A 4 tube fluorescent fixture was previously wired for for operation from two switches in different locations via 4 wire cable, blk , wht, red with bare ground wire. The fixture uses two ballasts with 8 wires each Two red, two blue, two yellow, one black and one white. The reds, blues and yellows in each ballast are paired together with a wire nut on each pair. The white wires from each ballast are twisted in a wire nut.
When you talk about cables, don't count the bare wire. A cable with black, red, and white is called a three-wire cable.
The white wire is the "Grounded" wire. It is grounded at the panel. However, that does not make it an equal to the bare ground wire ! Consider it a common return path for the power that goes out via the black and the red wires.
In your case, since you are not using the second switch any more, cap off and ignore the red wire in the power feed cable.
With the ballast, it seems that you have two 4-tube ballasts, with one of them being dead or a spare for future use. The black and white are the input wires. Connect the black from the good ballast to the black from the feed cable, and the white to the white from the feed cable.
The reds and the blues from one ballast go to the left ends of the tubes. The yellows go to the right end of the tubes, the end where there are probably jumper wires between the tube holders.
Try it first with the ballast that has a bare ground attached to it.

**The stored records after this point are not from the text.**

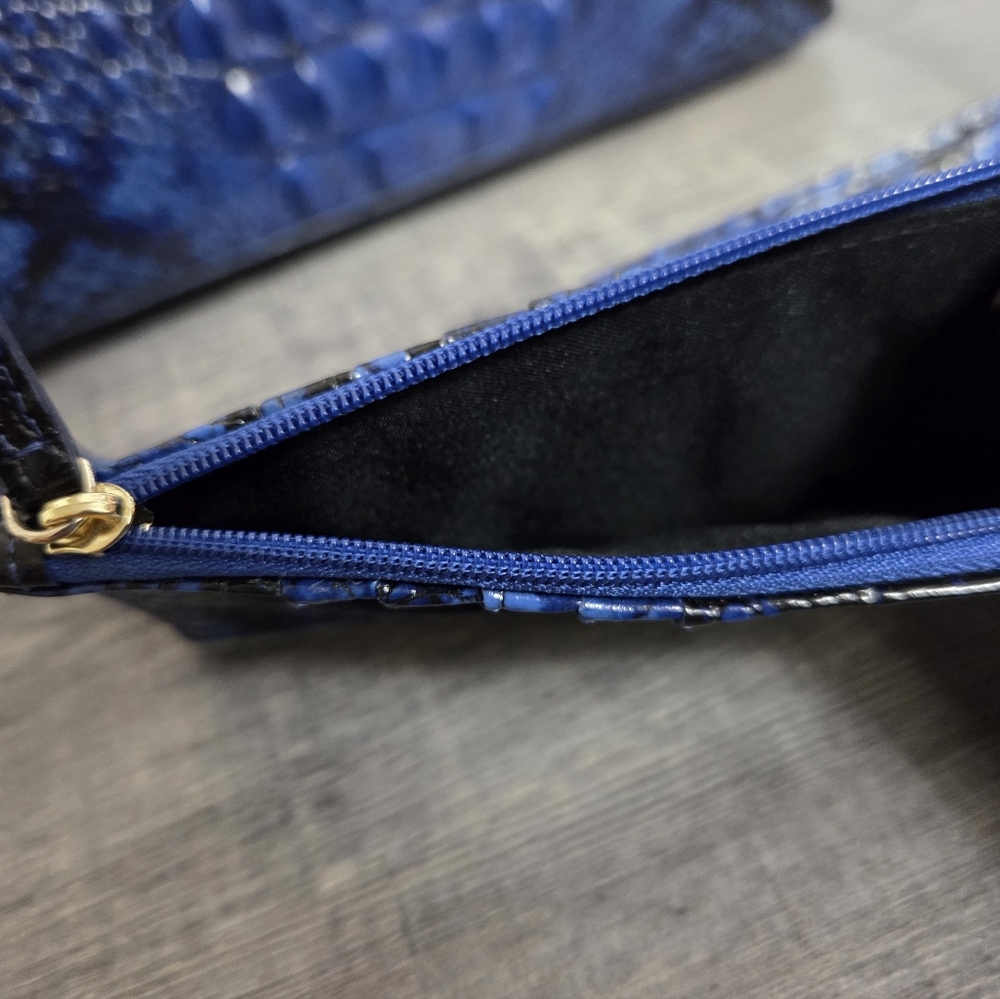 NWT BRAHMIN SAPPHIRE DUXBURY SATCHEL w/Credit Card WALLET - Picture 9 of 11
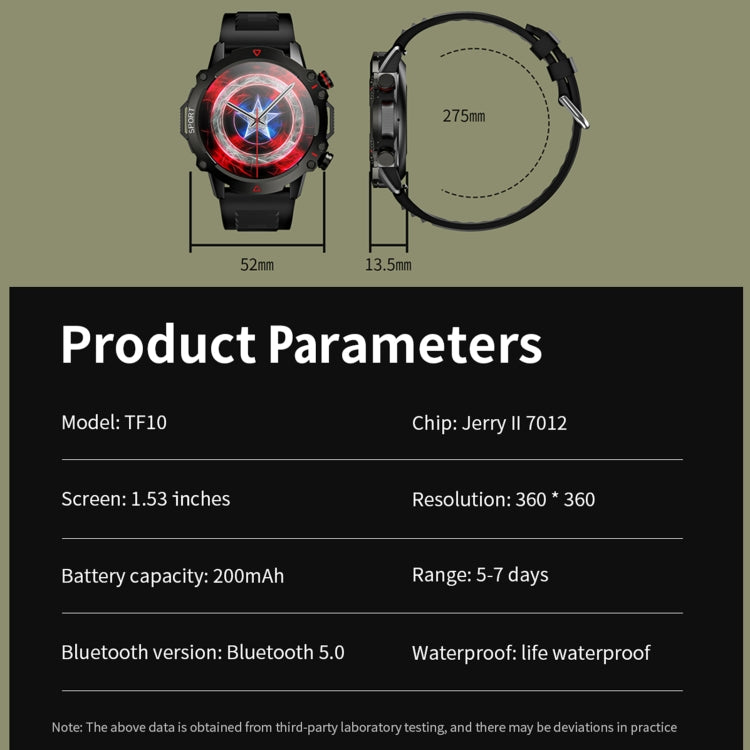 TF10 Pro 1.53 inch BT5.2 IP67 Sport Smart Watch, Support Bluetooth Call / Sleep / Blood Oxygen / Heart Rate / Long Sitting Health Monitor(Green)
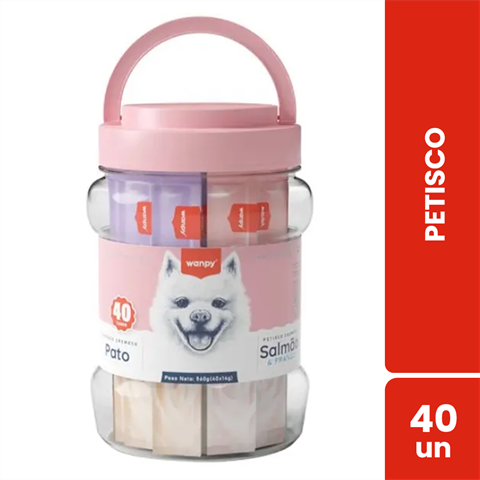 Petisco Para Cães Wanpy Creamy Sabor Pato + Salmão E Frango Com 40 Unidades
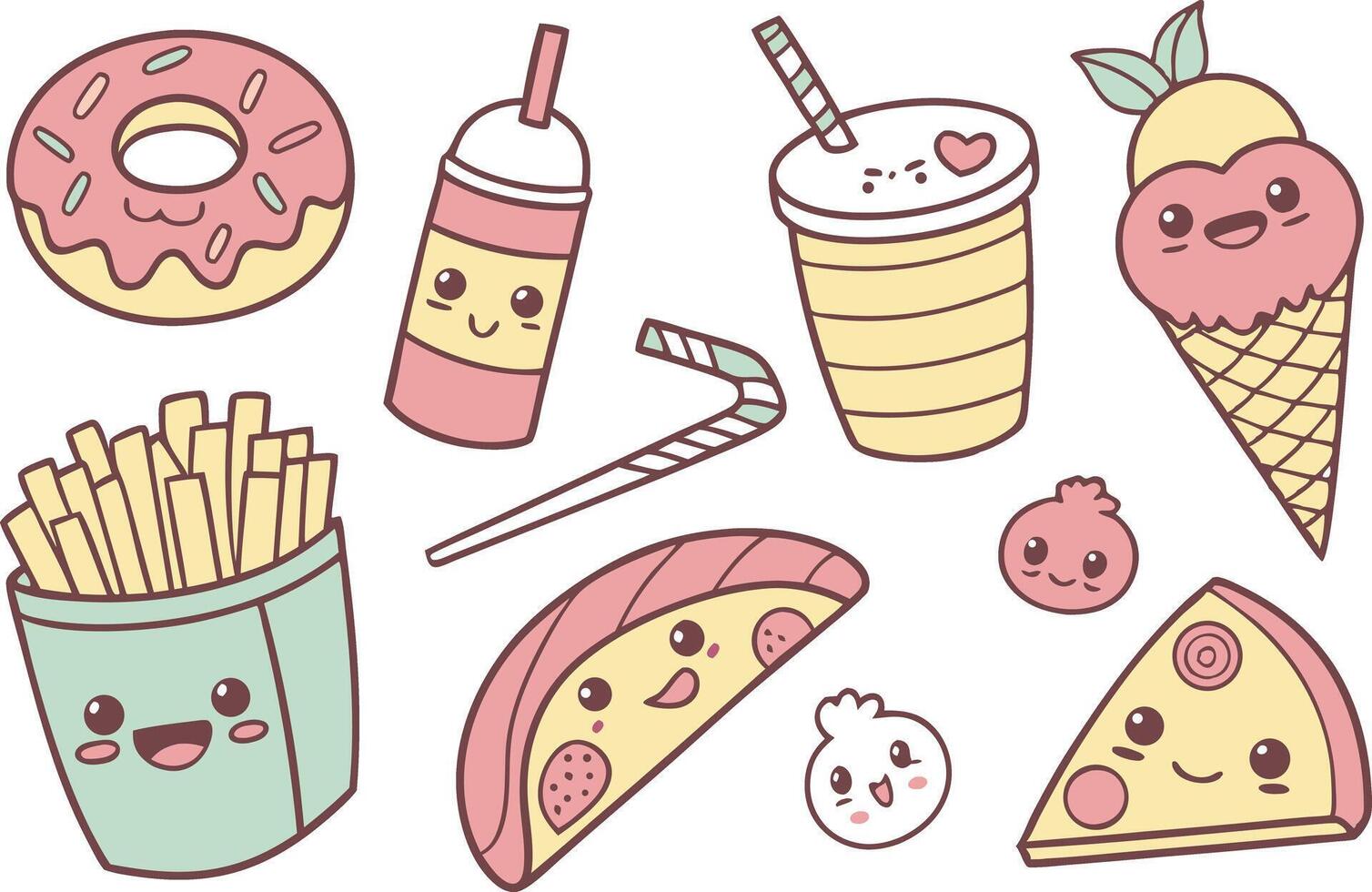 Kawaii Doodle Food Clipart for Printable vector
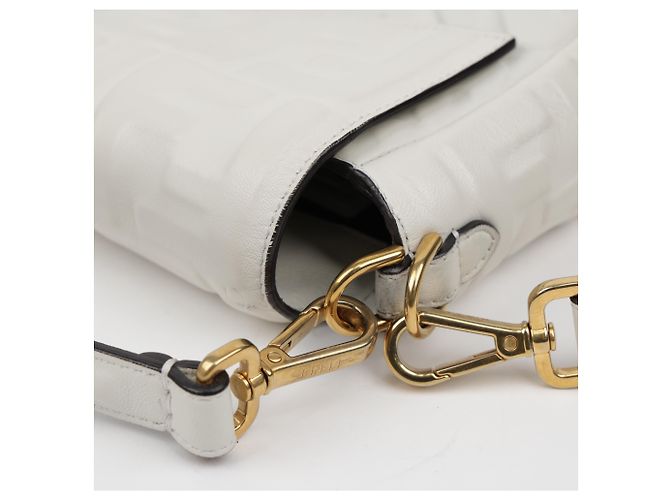 Fendi Borsa a spalla Baguette in pelle Medium White - vista 12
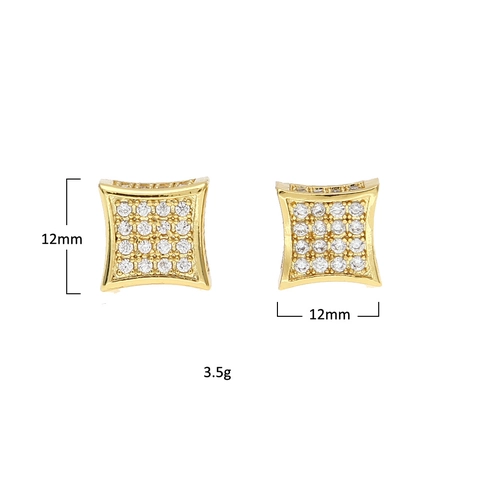 Hip Hop Square Copper Zirconia Stud Earrings For Men Women Iced Out Bling Geometric Earrings Steel Post Fashion Jewelry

Chances are that the other ballast is dead but that somebody was too lazy to remove it. That is quite common when removing the ballast would require taking the fixture down. Usually, though, the wires on the dead ballast are clipped off right close to the ballast.
Whether there is a bare ground attached to the metal can of the ballast or not, that makes no difference in the lighting, but it drastically cuts down the hum that you would hear on nearby older radios.